Start of ENTRIES SUPPLIED
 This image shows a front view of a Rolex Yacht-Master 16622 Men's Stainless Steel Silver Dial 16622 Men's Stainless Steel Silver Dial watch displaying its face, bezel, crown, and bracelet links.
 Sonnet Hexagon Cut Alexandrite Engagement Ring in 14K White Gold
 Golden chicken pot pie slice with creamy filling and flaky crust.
End of ENTRIES SUPPLIED
Start of ENTRIES SUPPLIED
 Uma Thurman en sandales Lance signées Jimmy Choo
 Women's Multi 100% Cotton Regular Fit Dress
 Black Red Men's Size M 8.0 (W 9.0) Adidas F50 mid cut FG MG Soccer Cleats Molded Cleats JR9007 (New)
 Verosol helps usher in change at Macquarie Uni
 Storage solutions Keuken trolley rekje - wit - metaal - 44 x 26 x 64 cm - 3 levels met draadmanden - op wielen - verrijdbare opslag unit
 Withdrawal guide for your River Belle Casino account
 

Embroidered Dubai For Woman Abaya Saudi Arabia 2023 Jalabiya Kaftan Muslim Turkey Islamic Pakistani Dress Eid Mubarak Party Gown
End of ENTRIES SUPPLIED
WHAT YOU NEED TO DO:
From the entries above, give again exactly the lines running from the line with "Sonnet Hexagon Cut" to the line with "Golden chicken pot"; include both of those lines.

ANSWER BOX:
 Sonnet Hexagon Cut Alexandrite Engagement Ring in 14K White Gold
 Golden chicken pot pie slice with creamy filling and flaky crust.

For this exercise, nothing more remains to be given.